• **Activity**: The response must be the exact lines from the line holding "Good Smile Company" through the end of the entries, with no pictures and nothing else.

Image-caption web data

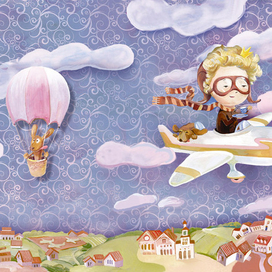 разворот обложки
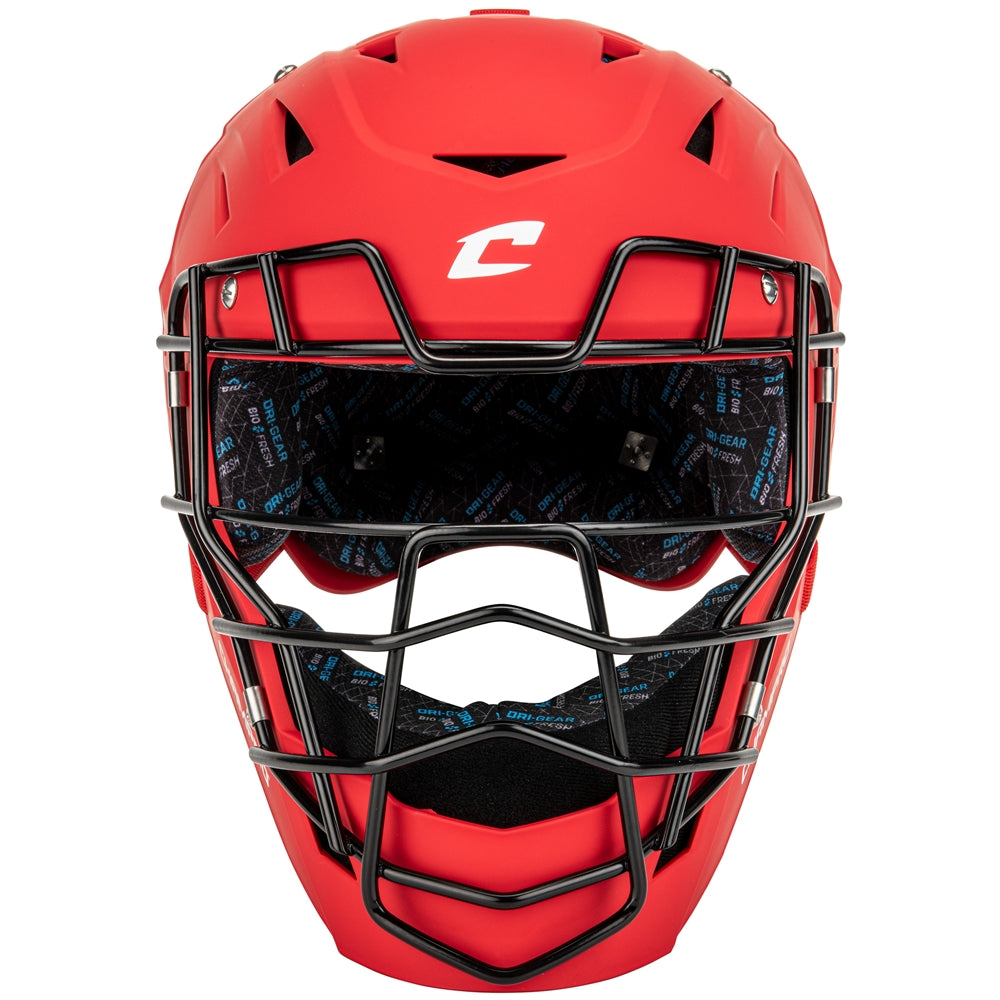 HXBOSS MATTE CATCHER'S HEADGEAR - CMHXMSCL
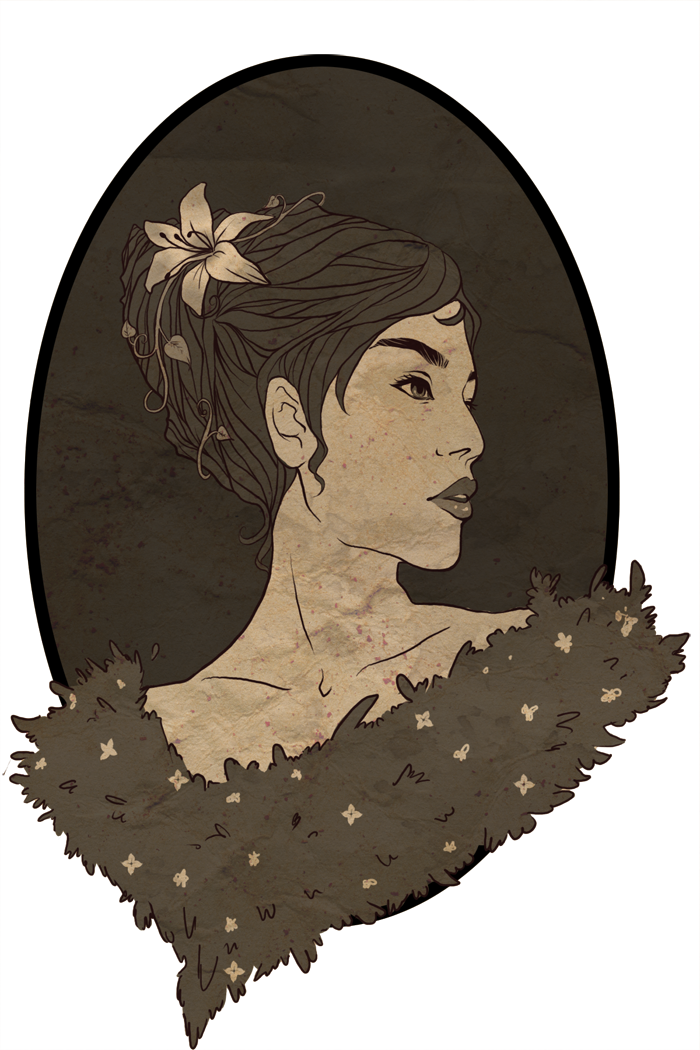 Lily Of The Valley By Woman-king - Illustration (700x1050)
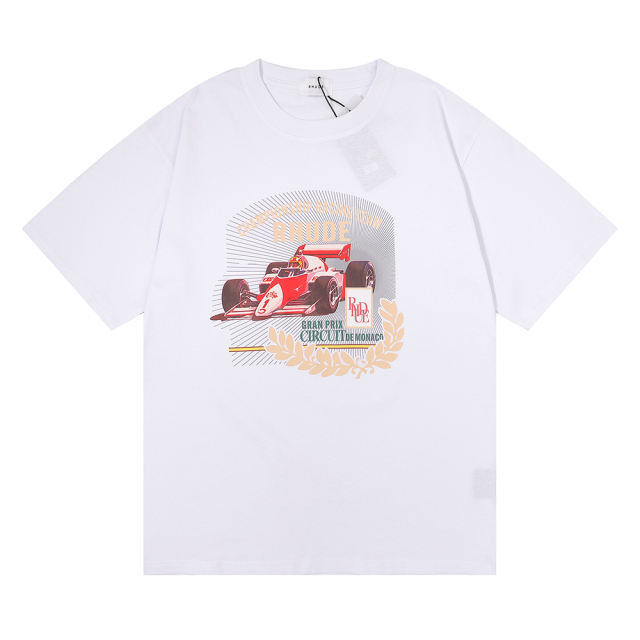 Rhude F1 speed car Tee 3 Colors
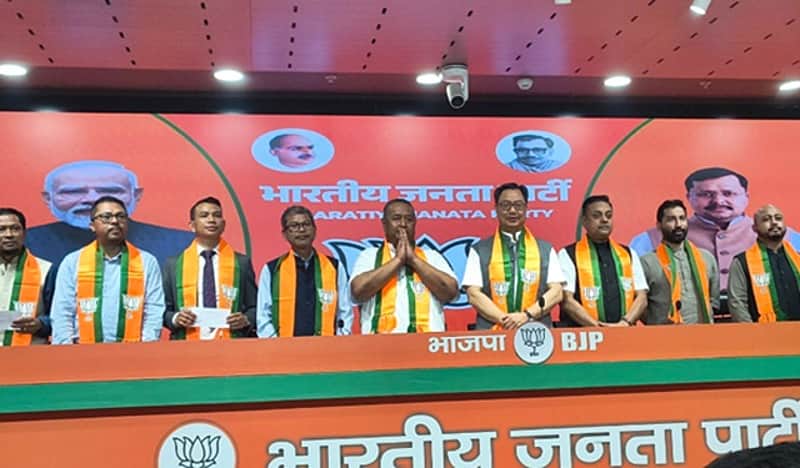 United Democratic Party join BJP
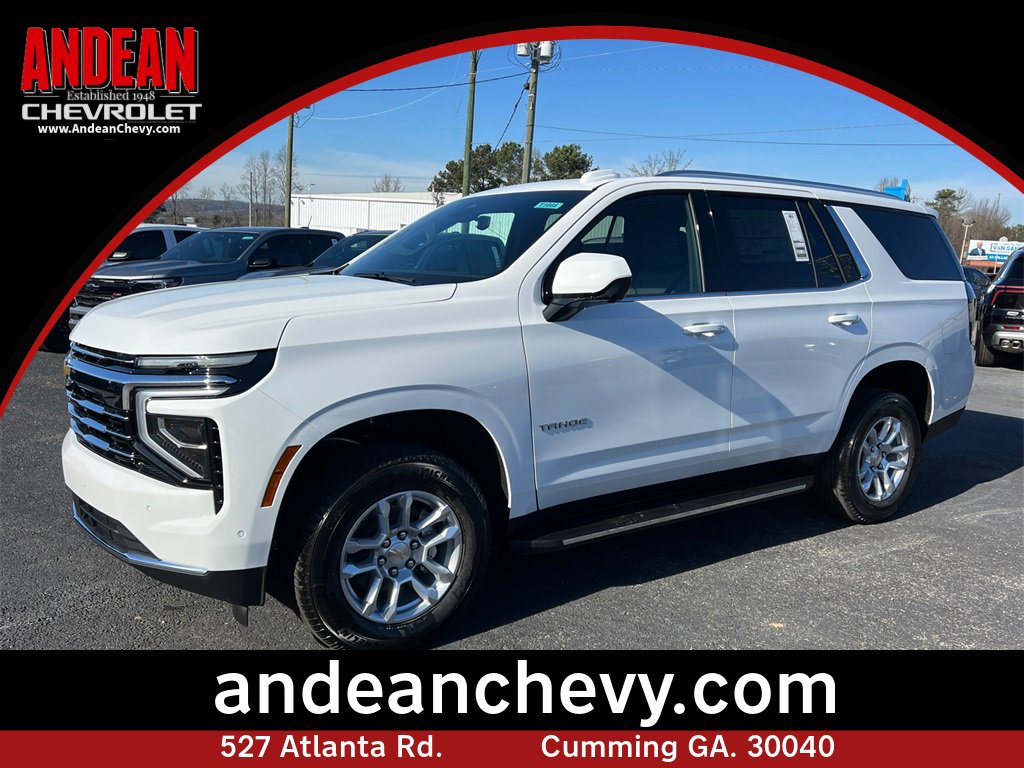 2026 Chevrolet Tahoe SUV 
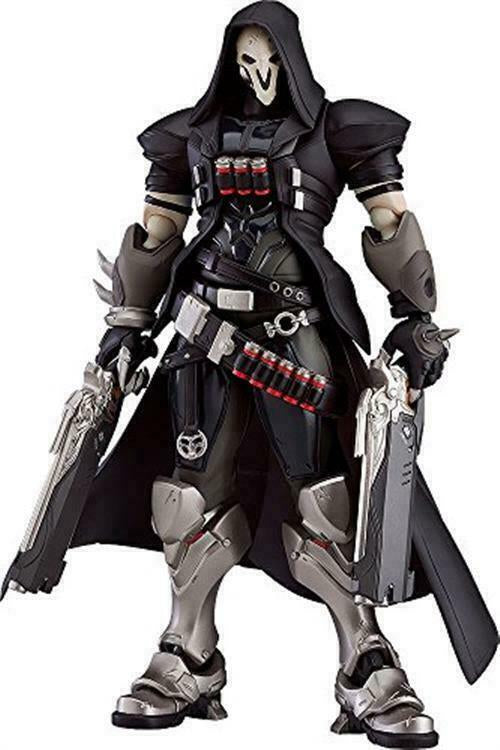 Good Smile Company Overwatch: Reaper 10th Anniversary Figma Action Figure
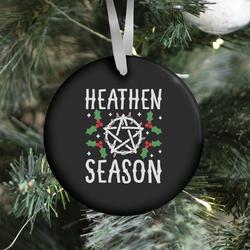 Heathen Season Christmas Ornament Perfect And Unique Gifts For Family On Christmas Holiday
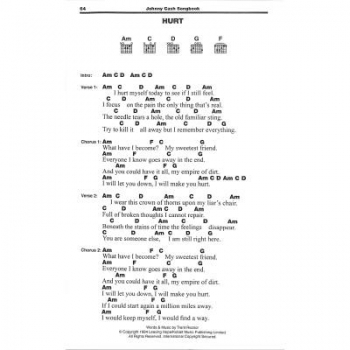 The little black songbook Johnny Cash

• **Response to the exercise**:
 Good Smile Company Overwatch: Reaper 10th Anniversary Figma Action Figure
 Heathen Season Christmas Ornament Perfect And Unique Gifts For Family On Christmas Holiday
 The little black songbook Johnny Cash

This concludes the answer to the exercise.